• **WORK INSTRUCTIONS**: Set down, exactly as they stand, the lines from the one containing "عمر هريدي أول المرشحين رسميًا لرئاسة الزمالك" through the last line of the records below, leaving every picture out.

Data extracted from a collection
• • • •
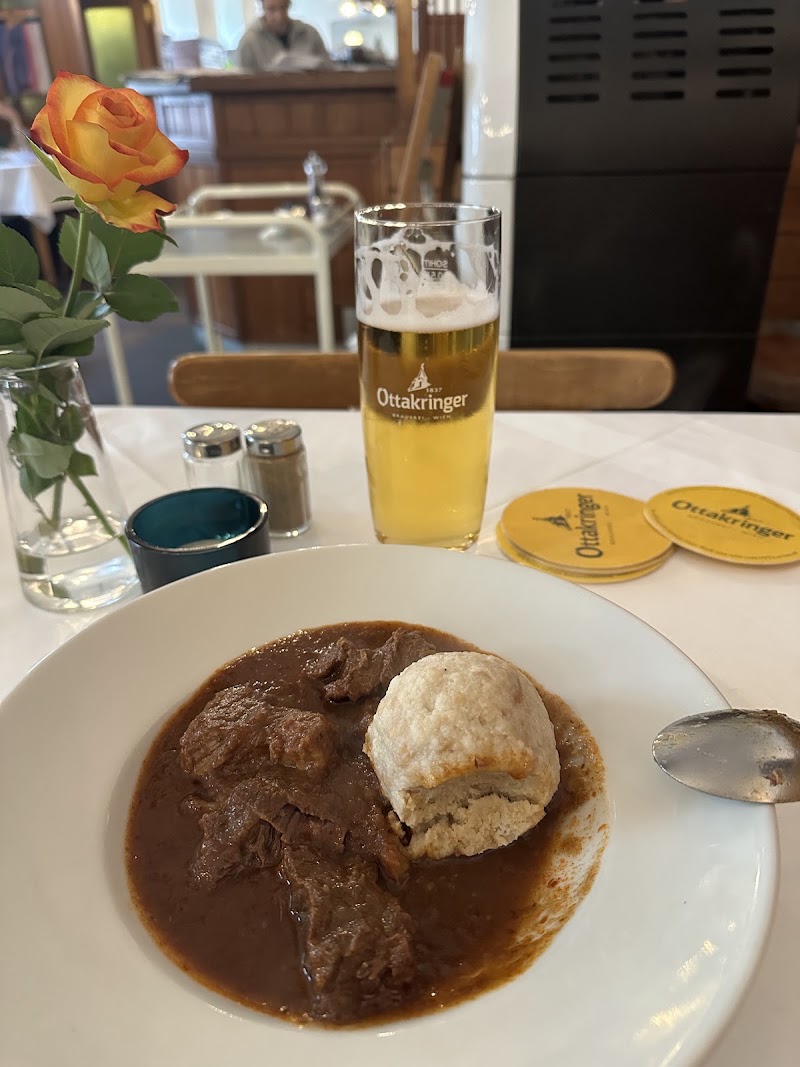 Gasthaus Rebhuhn - Gasthaus Rebhuhn Berggasse 24, 1090 Wien, Austria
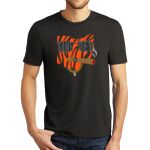 Super Soft Perfect Tri ® Tee Thumbnail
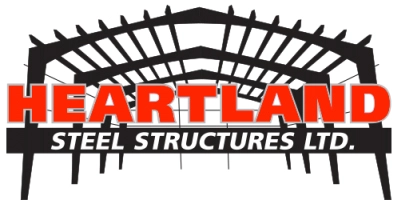 Heartland Steel Structures Ltd.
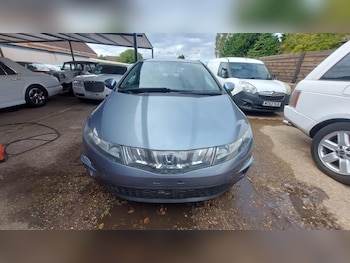 Used Honda Civic 2006 for sale - 75925208: Photo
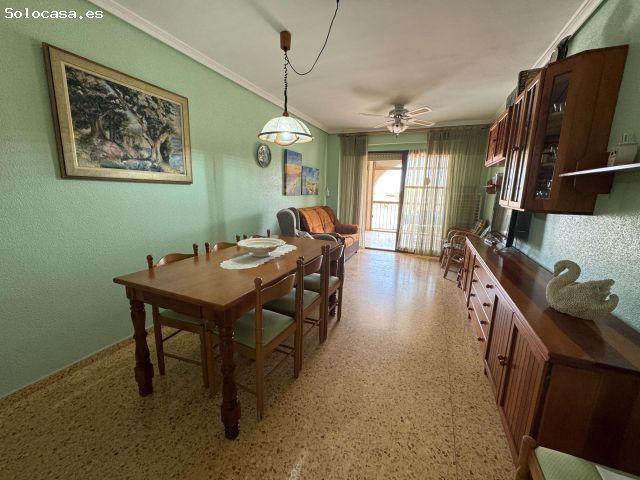 Piso en alquiler en Tavernes De La Valldigna, Platja de Tavernes de la Valldigna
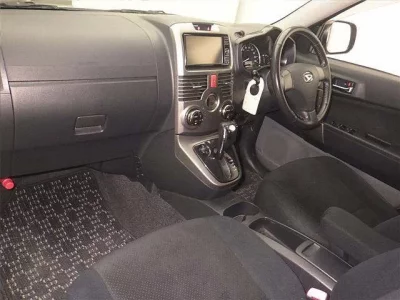 Daihatsu Be-Go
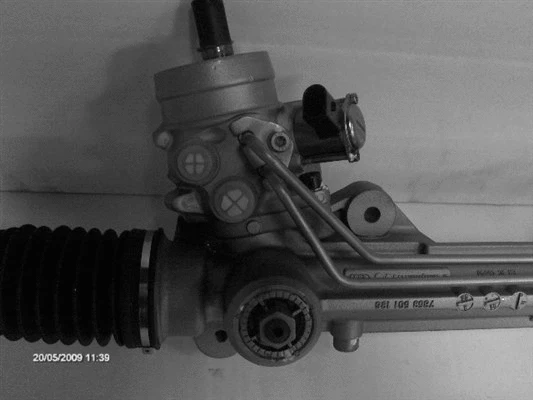 Steering Gear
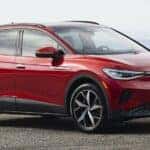 2024 Volkswagen ID.4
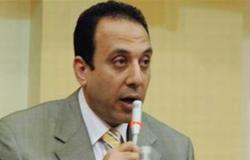 عمر هريدي أول المرشحين رسميًا لرئاسة الزمالك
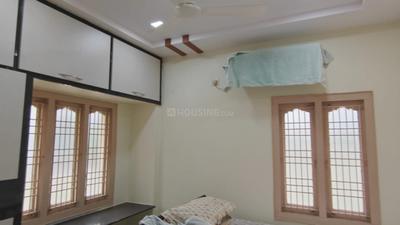 Bedroom Image of 1100 Sq.ft 2 BHK Independent House for sale in Navya Sheelanagar Lite, Sheela Nagar Visakhapatnam for Rs. 9200000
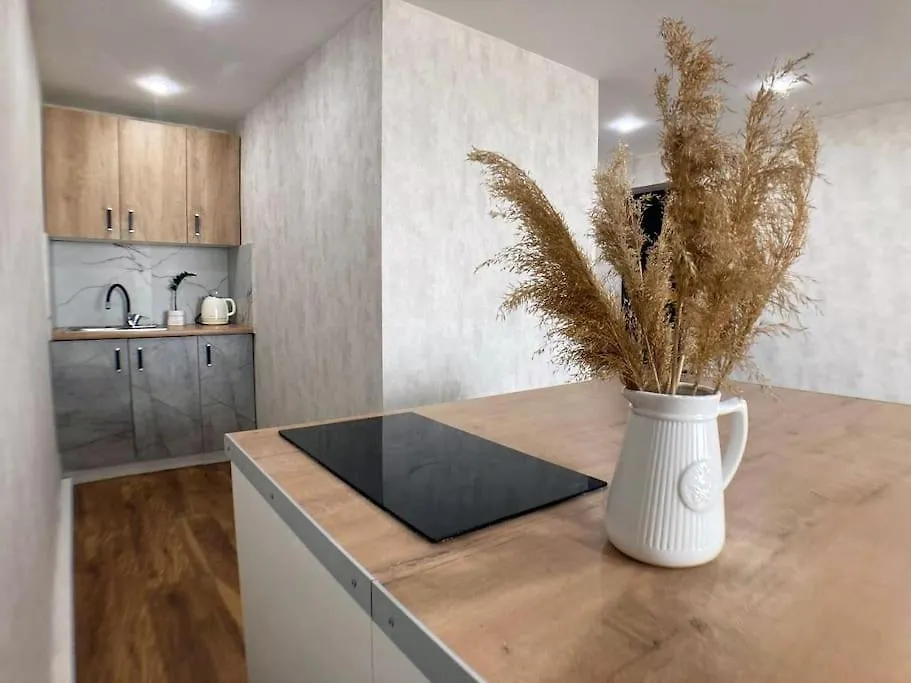 Grand Alatau Apartment Nur-Sultan  0*, Nur-Sultan (Astana)
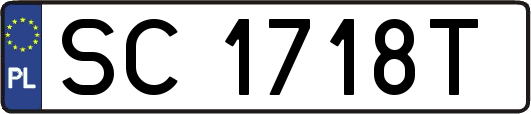SC1718T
• • • •
• **RESULT OF THIS EXERCISE**:
 عمر هريدي أول المرشحين رسميًا لرئاسة الزمالك
 Bedroom Image of 1100 Sq.ft 2 BHK Independent House for sale in Navya Sheelanagar Lite, Sheela Nagar Visakhapatnam for Rs. 9200000
 Grand Alatau Apartment Nur-Sultan  0*, Nur-Sultan (Astana)
SC1718T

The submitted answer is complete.